Los brasileños sufren, en grado máximo, la falta de protección de sus derechos, de su empleo formal, de su salario mínimamente digno, de su escuela pública, de su servicio público de salud. Sufren tener que convivir con un gobierno que les quita el servicio de médicos cubanos, que se entrega absolutamente a las manos de Estados Unidos, que tiene ministros que dan vergüenza a los brasileños y hacen el ridículo ante el mundo.
El presidente elegido del país escoge lo peor de cada sector para componer su gobierno; no le importan las advertencias de China y de Rusia sobre los efectos económicos adversos que las posiciones de Brasil tendrán con socios económicos importantes, como esos países, más todo el mundo árabe. Como ha prestado un servicio inestimable a los grandes empresarios, a los medios, para impedir la victoria electoral del PT, se siente en el derecho de decir y de hacer lo que de la da la gana, como si no dependiera de nadie. Como si administrara una hacienda, sin contrapesos. Por ello hace anuncios y después recula, lo que más ha hecho hasta ahora.

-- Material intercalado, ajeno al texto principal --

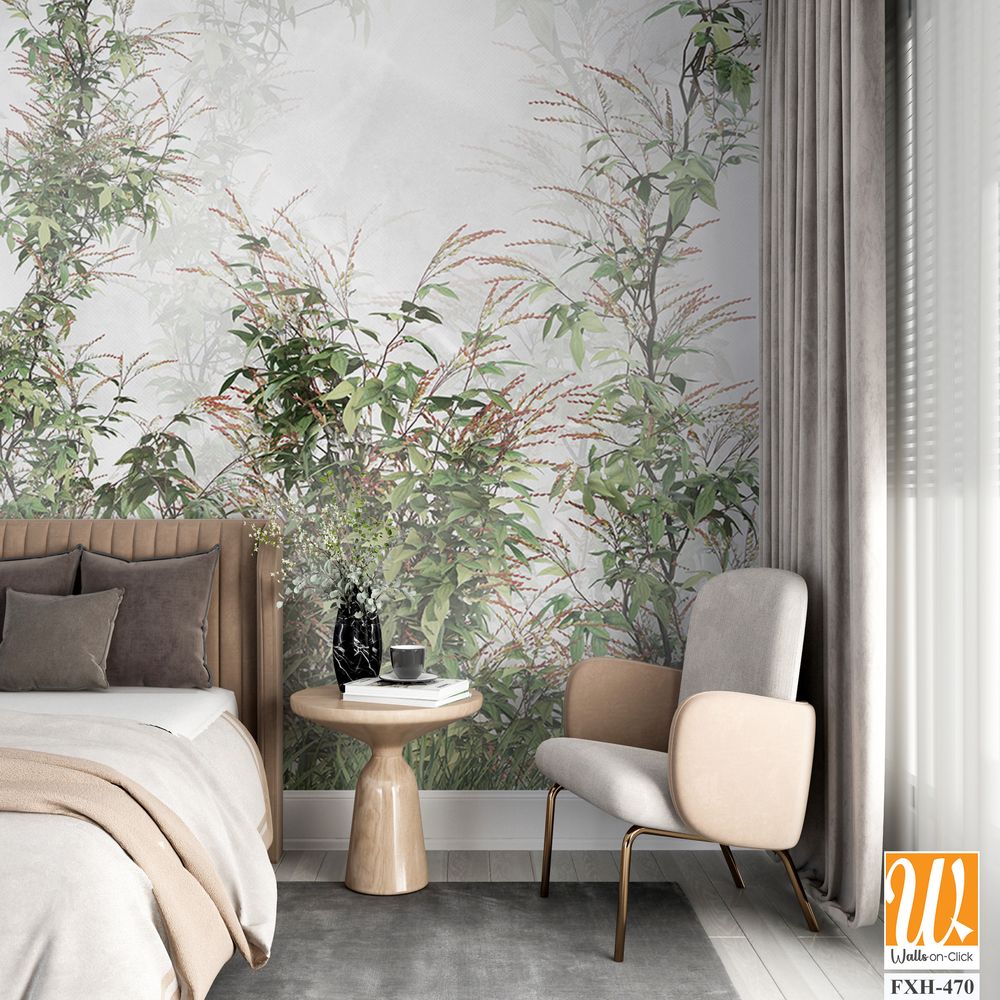 Tropical leaves and Trees Wallpaper design - 3D illustration [WP-FXH-470]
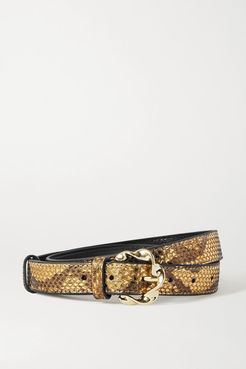 Josephine Metallic Snake-effect Leather Belt - Gold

Nadie tiene idea de lo que será Brasil en manos de gente así. Como nadie tiene idea de lo que será el destino de Lula en manos de gente así. Lula fue interrogado la semana pasada por la jueza sustituta de Moro, nombrada por él, que ha reproducido la misma prepotencia de aquel. Gente sin ninguna calificación se siente orgullosa de practicar la arbitrariedad en contra del más importante líder político brasileño, que cuenta con el apoyo mayoritario del pueblo.
¿Pero qué es esto frente al poder de judicialización de la política, que se ha adjudicado sin límites el Poder Judicial brasileño, algunos activamente, otros por el silencio cobarde y miedoso? No hay límites para ello. Han cambiado la historia de Brasil, expropiando al pueblo brasileño el derecho de decidir sus destinos, de elegir a Lula presidente de Brasil.
Es una situación nueva. La izquierda tiene que enfrentar ese escollo, además de enfrentar campañas electorales fundadas en noticias falsas y en su propagación por millones de robots. Son nuevos desafíos, pero hay que enfrentarlos porque el ensanchamiento de los espacios democráticos es la única vía de la izquierda.
De eso depende la vuelta de los gobiernos progresistas en Latinoamérica, porque está claro que la situación de Lula prefigura la situación de Cristina, de Rafael Correa, de Petro. En Brasil, el destino de Lula está indisolublemente ligado al destino del país. Lula preso, condenado, sin ningún tipo de respaldo jurídico, vive una situación similar a la del pueblo brasileño. Su lucha de resistencia es similar a la lucha de todos los brasileños.